Table 1 summarizes the estimated structural topic model with 10 topics. The topics are relatively evenly distributed, with the proportions of the answers stemming from respective topics varying from 0.05 to 0.19. A notable share of the answers featured multiple, distinct understandings of culture, mentioning, for example, both arts and knowledge. The correlations of the topics (Appendix AVII) were used to group topics into broader categories. Our results show that people’s understandings of culture can be divided into five distinct categories.
The Topics and Their Most Important Words, Proportions, and Exemplary Answers,
The table is comprised of only individuals whose responses were used to generate the model.
The two most important categories are clearly the common “narrow” and “broad” understandings of culture. The narrow understanding equates culture with the arts and comprises two topics. We label the first topic “arts,” which refers to art and its different forms, such as music, literature, and dance. The second topic is labeled “institutional”—it refers to cultural institutions and locations where culture is consumed, such as theatres, museums, and cinemas. These two topics reveal different patterns in understanding culture as arts, the former being a more abstract concept of art and the latter being more concrete.
The broad understanding, in contrast, comprises four highly correlated topics and captures the anthropological notion of culture as a whole way of life (Williams 1981), encompassing both the material and immaterial features of groups of people in different geographical areas and nations. First, we find a topic involving “shared values and traditions,” which refers also to the ways of life and beliefs common at the societal level. Second, we identify a topic labeled as “geographical identity,” referring to specific countries and regions and the practices and commonalities perceived as typical to them. The third topic is labeled “group characteristics,” referring to people and communities in differently sized social groups. The final topic in this category is labeled “habits and lifestyles,” referring to the customs and features particular to some collective, such as food, language, or religion.
The third category of understandings of culture refers to the past and present forms of human activity and contains two specific topics. The first we label “human activity,” which comprises important words such as “human,” “activity,” “create,” and “expression.” In this topic, culture is understood as something that humans have created to express themselves and as something opposing nature and mundane everyday life. The answers belonging to this topic are often long and almost poetic. The second topic of this category, “history and heritage,” involves a temporal dimension and refers to development, passing of time, and the significance of history.
The remaining two topics do not have correlations with other topics. The first one we label “cultivation,” which refers to understanding culture as cultivating and educating oneself. The second isolated topic we label is “good manners,” which refers to good and civilized behavior of individuals, something that is taught and produced by a proper upbringing.
For the subsequent analyses, we append our modeled answers with predicted document-topic probabilities for short answers including only one or two words. Next, we examine how the various understandings of culture are distributed across the nine countries. Figure 1 shows the expected topic proportions in each country (see Appendix AVIII for exact values). Topics that represent a narrow understanding of culture, arts and institutional, are found in every country with different proportions—most frequently in Croatia and least frequently in Spain and the United Kingdom. Together, these topics compose a third of the understandings of culture in the data. Arts is a relatively common and evenly distributed component across the countries, but the share of understanding culture as institutional varies substantially more, from one-tenth in the United Kingdom to one-third in Croatia. Understandings of culture related to the broad meaning of culture are clearly most prevalent in the United Kingdom and the Netherlands, where half of the answers concern these topics. In all other countries, particularly in France, such understandings of culture are relatively rare. The topics of human activity and history and heritage are both most common in Finland and Denmark. Understanding culture as cultivation is prevalent in France, Spain, and to a lesser extent, Switzerland but seldom found in other countries. Similarly, understanding culture as good manners is common in only two countries, Serbia and Croatia, but is very rare in other countries.

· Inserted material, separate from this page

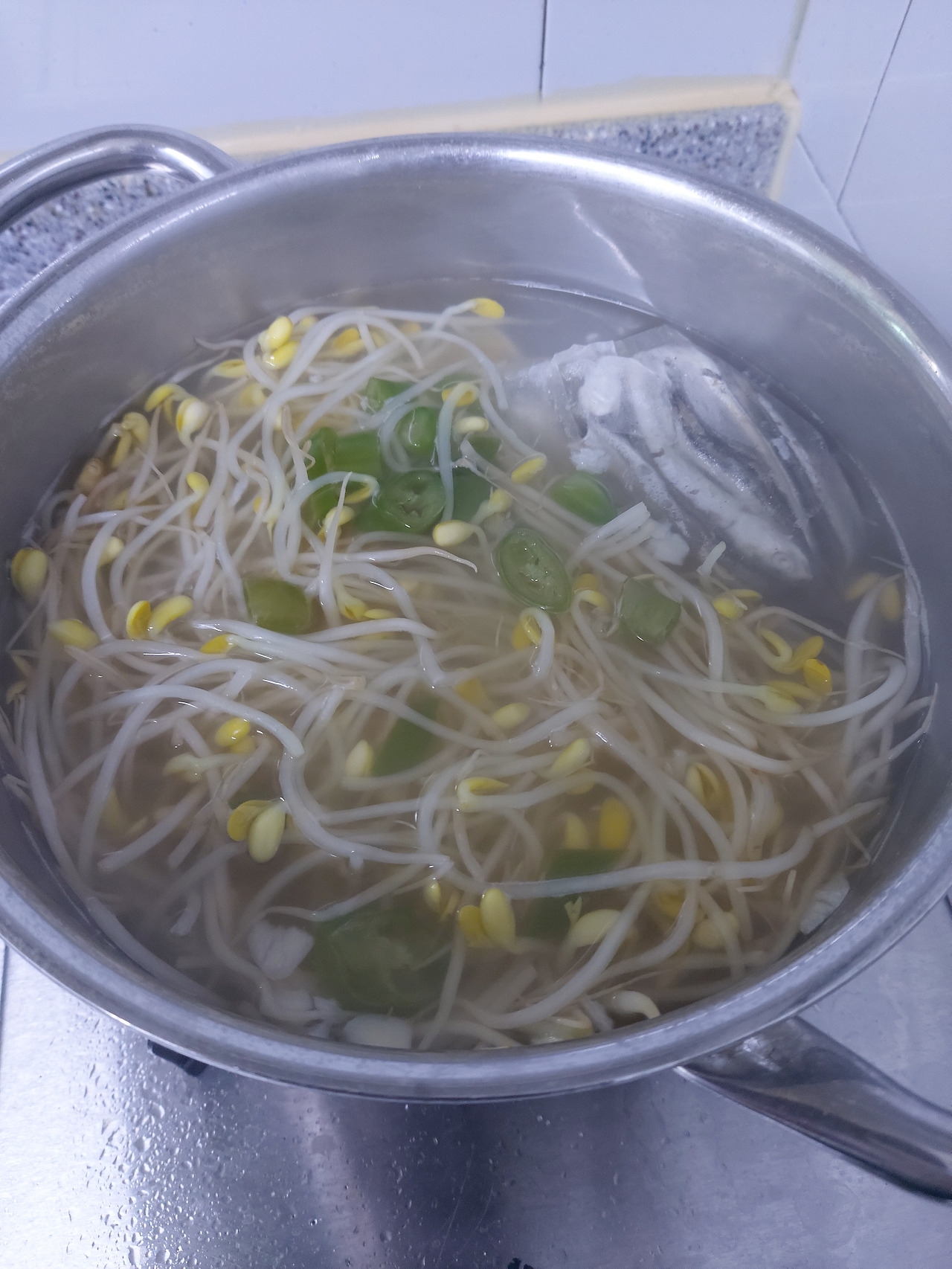 6-6. 냄비 뚜껑을 닫고 5분 동안 팔팔 끓여 완성한 콩나물국 20240721_182533.jpg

Topic proportions in aggregate and per country (N = 11,243).
Figure 1 thus reveals relatively substantial cross-national variation in the prevalence of the 10 topics, reflecting different understandings of culture. In particular, we find “pairs” of countries with similar topic distributions that set them apart from the other countries: the Nordic countries with substantial proportions of human activity and relatively common narrow understandings of culture as arts; the southeastern European countries, Croatia and Serbia, with substantial proportions of good manners and institutional understandings; the big Mediterranean countries, France and Spain, with high shares of understanding culture as cultivation; and the United Kingdom and the Netherlands with broad understandings being common. Switzerland is the only country without such an obvious “pair” but represents a fairly balanced combination of different understandings.
Topics and Their Relationships with Sociodemographics
Figure 2 presents the relationships between the topics and sociodemographic variables (see Appendix AIX for detailed information). We find that countries’ relationships with the topics (estimates omitted from Figure 2) indicate similar connections as presented in Figure 1 even after controlling for sociodemographic variables. Old age predicts the narrow understandings of culture as arts and institutional, and the latter is also predicted by female gender. This could be explained by the fact that highbrow cultural participation—from which the vocabulary to describe culture as arts and especially institutional is most strongly derived—has been in decline among younger generations in most European countries (Donnat 2011; Roose and Daenekindt 2015) and in the case of institutional, is a female-dominated field in many countries (Lagaert and Roose 2018). A narrow understanding of culture is least common among individuals with the lowest level of education, whereas individuals with middle-level education are more inclined to understand culture as cultural institutions than highly educated individuals. Unlike European Commission (2007), we find no association between the highest level of education and narrow understandings of culture. In addition to age, gender, and education, a nonreligious disposition predicts understanding culture as arts.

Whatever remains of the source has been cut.